Who does a better job with the sub Audyssey xt32 or Anthems Arc calibration?


----------



## asere (Dec 7, 2011)

tesseract said:


> Do you have the ability to measure your room response? If so, finding the optimal placement for each sub will help overcome any liabilities of the lesser sub.
> 
> REW, test tones/SPL meter or even a simple sub crawl, using one sub at a time pre-Audyssey, will help your AVR room correction do it's job better.


No I am clueless on what sound card to get for my laptop to run REW.


----------



## tesseract (Aug 9, 2010)

*Re: Audysseys Sub EQ HT*

Id recommend the Sub Crawl Method. You can use music and your ears, or test tones and an SPL meter (recommended). When you are done, the AVRs room correction can put the polish on.








asere said:


> Who does a better job with the sub Audyssey xt32 or Anthems Arc calibration?


Audyssey XT32 would be best for this situation due to its ability to calibrate two subwoofers separately.


----------



## asere (Dec 7, 2011)

I might just get the Onkyo 818 or Denon 4311. One has sub eq ht and I own two subs and the other has THX. Confused!


----------



## tesseract (Aug 9, 2010)

Both are nice receivers. Big difference in price, though. Both have XT32.

You might want to pose AVR questions in this forum to help with your decision.

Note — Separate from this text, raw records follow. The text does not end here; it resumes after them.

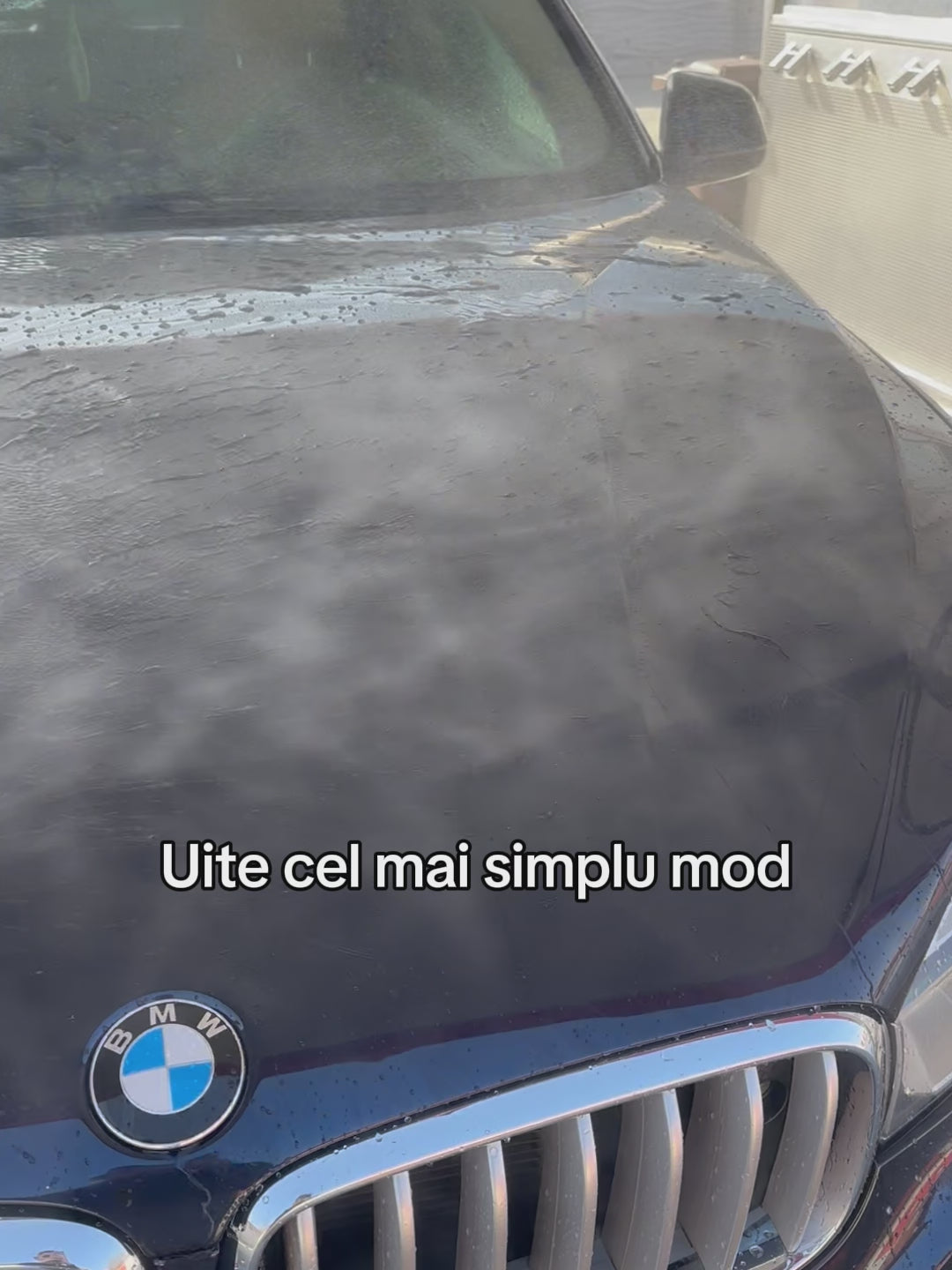 Încarcă clipul video: 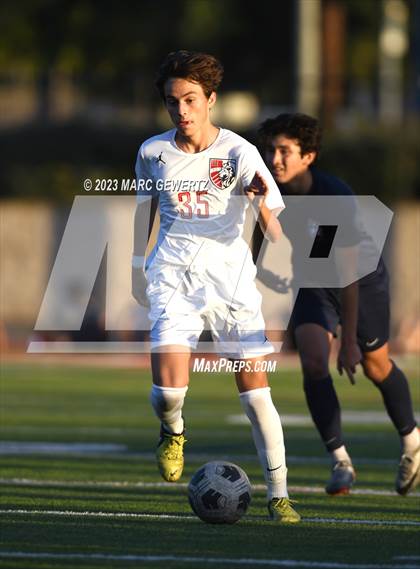 Thumbnail 2 in Mater Dei @ Beckman photogallery.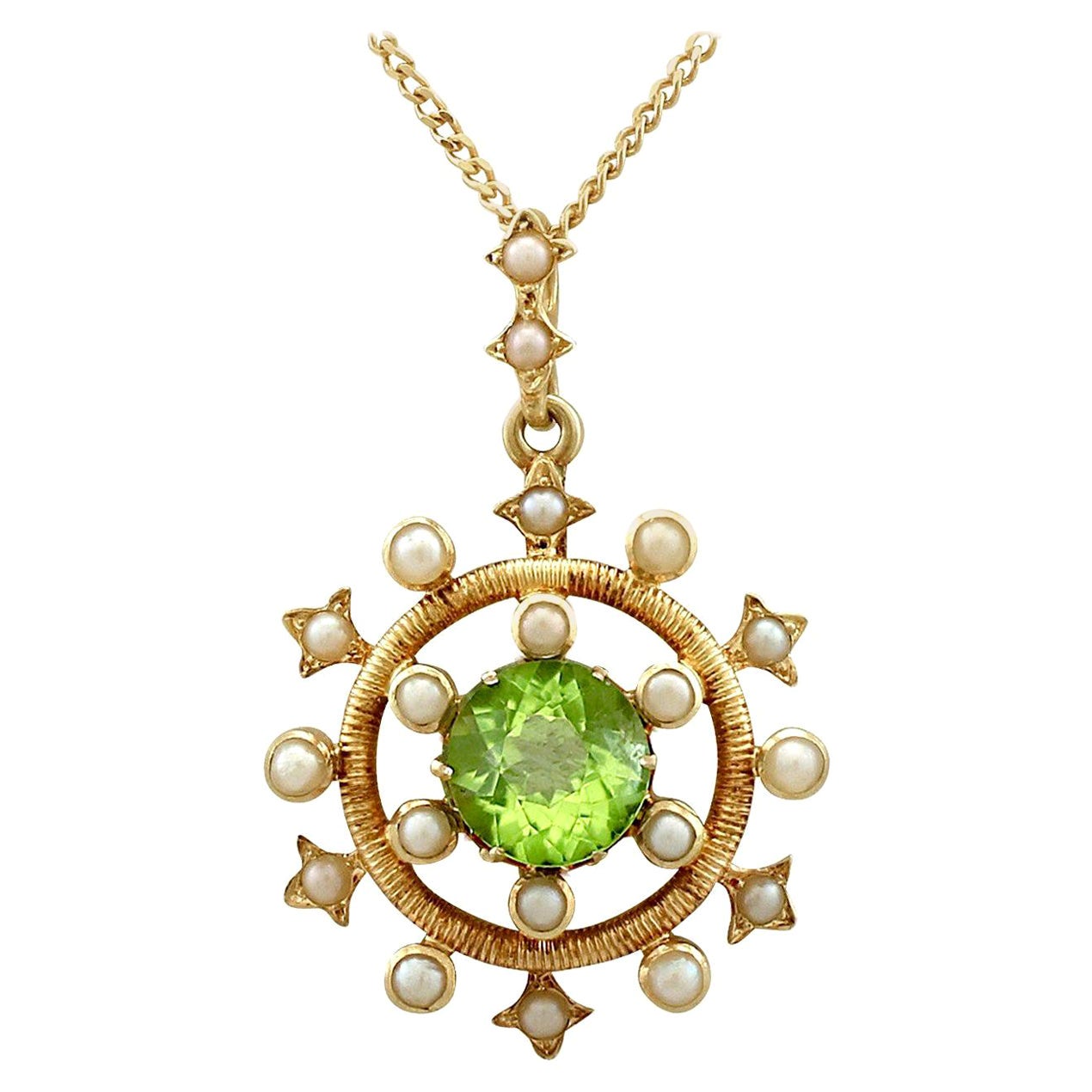 Ciondolo antico in oro giallo con peridoto e perle di seme da 1,92 carati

 Home Theater Receivers | Processors | Amps


----------



## Tom V. (Jul 12, 2012)

asere said:


> I might just get the Onkyo 818 or Denon 4311. One has sub eq ht and I own two subs and the other has THX. Confused!



Not really comparable. One (Audyssey) is a feature, the other(thx) is a certification that the receiver meets/exceeds certain standards necessary to gain the sticker/badge. 

Tom V.


----------



## asere (Dec 7, 2011)

Tom V. said:


> Not really comparable. One (Audyssey) is a feature, the other(thx) is a certification that the receiver meets/exceeds certain standards necessary to gain the sticker/badge.
> 
> Tom V.


correct but Thx has on board modes to select so now days its more than a badge.


----------



## leej (Jun 9, 2010)

*Re: Audysseys Sub EQ HT*

I believe that XT32 will only correct one sub, or treat 2 subs as one, unless it has Sub EQ HT which will correct 2 subs individually. I know that the 4311 will correct 2 subs individually, and has the 2 sub outs.
THX modes are preset and do not do room correction as XT32 and Sub EQ.


----------



## Kal Rubinson (Aug 3, 2006)

*Re: Audysseys Sub EQ HT*



leej said:


> I believe that XT32 will only correct one sub, or treat 2 subs as one, unless it has Sub EQ HT which will correct 2 subs individually. I know that the 4311 will correct 2 subs individually, and has the 2 sub outs.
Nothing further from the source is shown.